Why you shouldn’t trade forex with emotions

Written by: PaxForex analytics dept - Thursday, 12 January 2017 0 comments

The psychological aspect of trading is extremely important. When it comes to trading, the general consensus is that we should be able to control our emotions in order to succeed. We shouldn’t be greedy, fearful, impatient or easily disappointed because we may not trade objectively. Therefore, the only thing that seems reasonable is to try hard in order to eliminate emotions.

Emotions are part of human nature. They may manifest as positive or negative feelings. Since a trader is first of all a human being, emotions can interfere during the trading. It is essential to learn how to handle them to prevent they constitute an obstacle to your success. The trader has feelings of fear, greed, self-destruction, etc. Understanding how to manage these emotions is the key to achieving good profits. It is essential to learn to overcome failure, have a profound self-control and work with tenacity. The disappointments should not be an obstacle to your work.

Certainty in an executed trading idea is often a guise for greed and fear. As a trader, it is important to have a plan which focuses on entry triggers, trade size, and risk to reward ratios so that you’re acting in a mechanical manner. However, you should also be willing to exit your trade or accept the fact that moving forces in the markets can change quickly so you can avoid the painful experience of holding on to and closing out larger losses than winners.

Why emotions drive the market, its not the news events the banks the props firms or the fundamentals but the actions from every participant in the market that drives it. It is how we interpret the news or the charts if its green then buyers come on if its red then they sell and so on. We use our technical analysis to provide us with reason for entry.  If you can learn to keep your emotions under control and don't let them control you while trading you will see a massive increase in your trading.
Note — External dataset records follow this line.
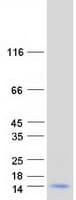 Human MT1H Protein (Recombinant Myc-DDK (Flag))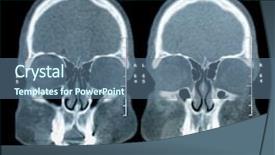  Presentation with mri brain - Presentation design featuring mri scan image of brain background and a ocean colored foreground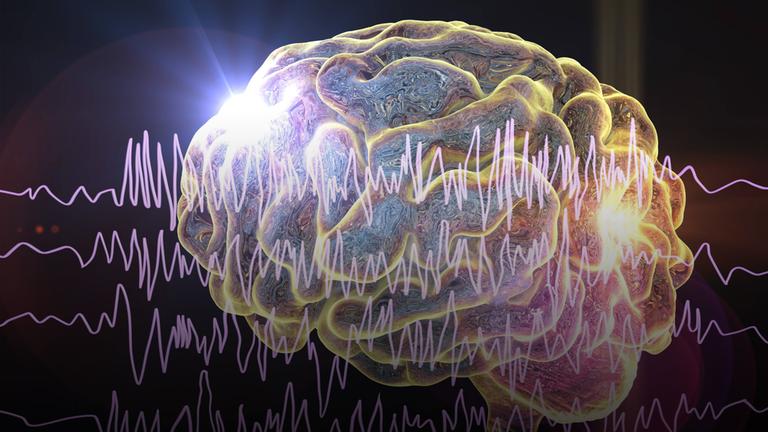 Illustration von Nervenzellenimpulsen und einer schematischen Darstellung eines Gehirns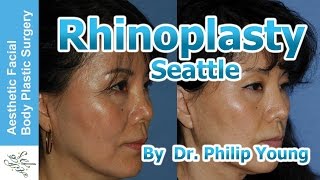Dr. Philip Young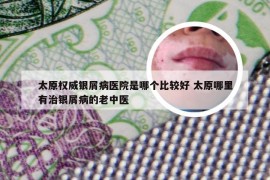 太原权威银屑病医院是哪个比较好 太原哪里有治银屑病的老中医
The ability to control your emotions and maintain discipline is the most important thing you can do. A trader must learn to contend with market challenges of individuals and the crowd psychology in order to progress from a novice to an expert. If you want to turn a profit when investing in different asset classes, such as currencies, indices, equities, commodities, or bonds, you have to understand that trading is primarily a game of psychology. Only the toughest players survive it. The real edge separating professional traders (those who make a living from trading) from failed traders is clearly their mental approach to the market.